Plaintiff brings this action against Defendants in their individual capacities. He seeks monetary damages for the alleged violations of his constitutional rights. In their Motion for Summary Judgment, Defendants claim that Plaintiff has not made a valid claim for failure to protect and qualified immunity bars the claims against them.

ANALYSIS

Summary Judgment Standard

This Court may grant summary judgment only if, viewing the facts in a light most favorable to Plaintiff, movants demonstrate that there is no genuine issue of material fact and they are entitled to judgment as a matter of law. Woods v. Smith, 60 F.3d 1161, 1164 (5th Cir. 1995). If movants fail to discharge the burden of showing the absence of a genuine issue concerning any material fact, summary judgment must be denied. John v. Louisiana, 757 F.2d 698, 708 (5th Cir. 1985). The existence of an issue of material fact is a question of law that this Court must decide, and in making that decision, it must "draw inferences most favorable to the party opposing the motion, and take care that no party will be improperly deprived of a trial of disputed factual issues." Id at 712.
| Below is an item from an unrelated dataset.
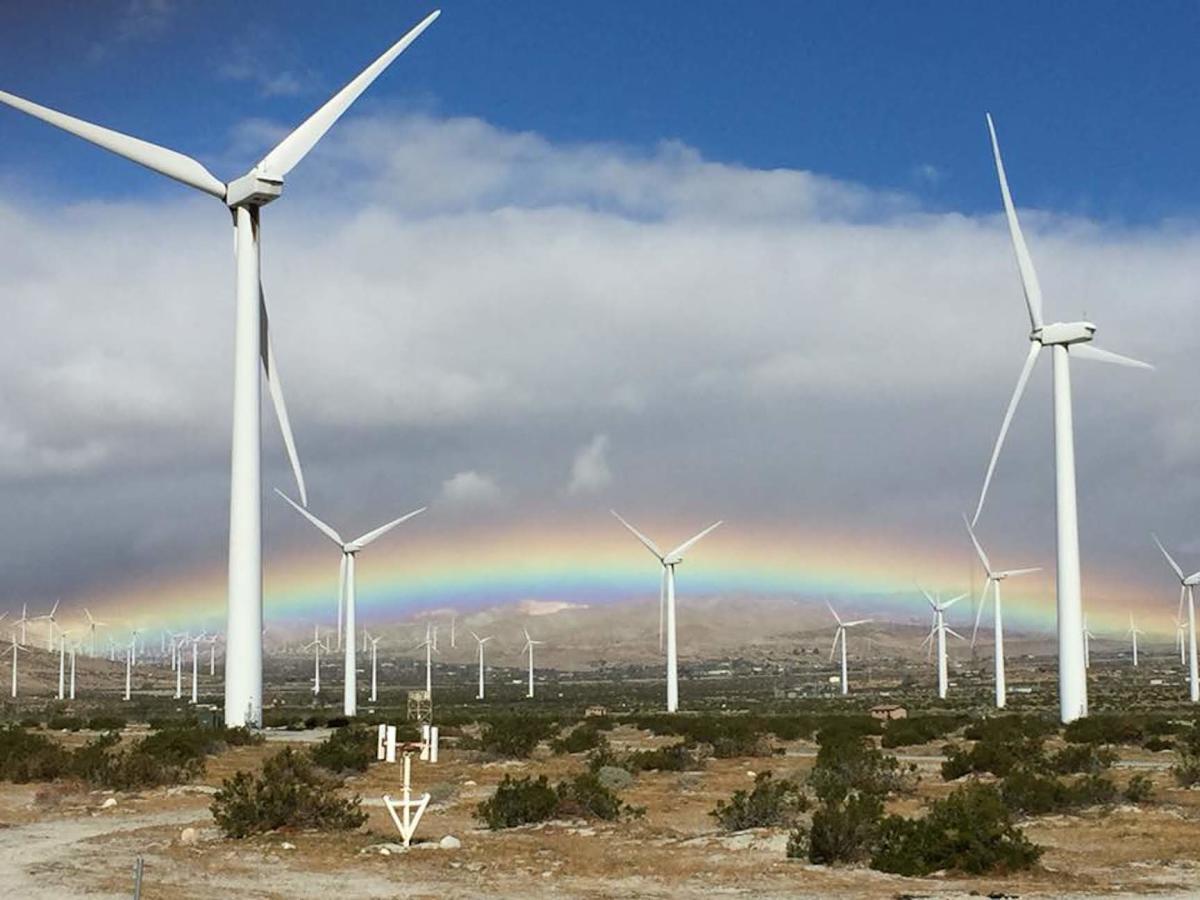 Windmills featured during the Palm Springs Windmill Tours.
There, however, must be adequate proof in the record showing a real controversy regarding material facts. "Conclusory allegations, "[2] unsubstantiated assertions, [3] or the presence of a "scintilla of evidence, "[4] is not enough to create a real controversy regarding material facts. "[T]he mere existence of some alleged factual dispute between the parties will not defeat an otherwise properly supported motion for summary judgment; the requirement is that there be no genuine issue of material fact." Anderson v. Liberty Lobby, Inc., 477 U.S. 242, 247-48 (1986). In the absence of proof, the Court does not ...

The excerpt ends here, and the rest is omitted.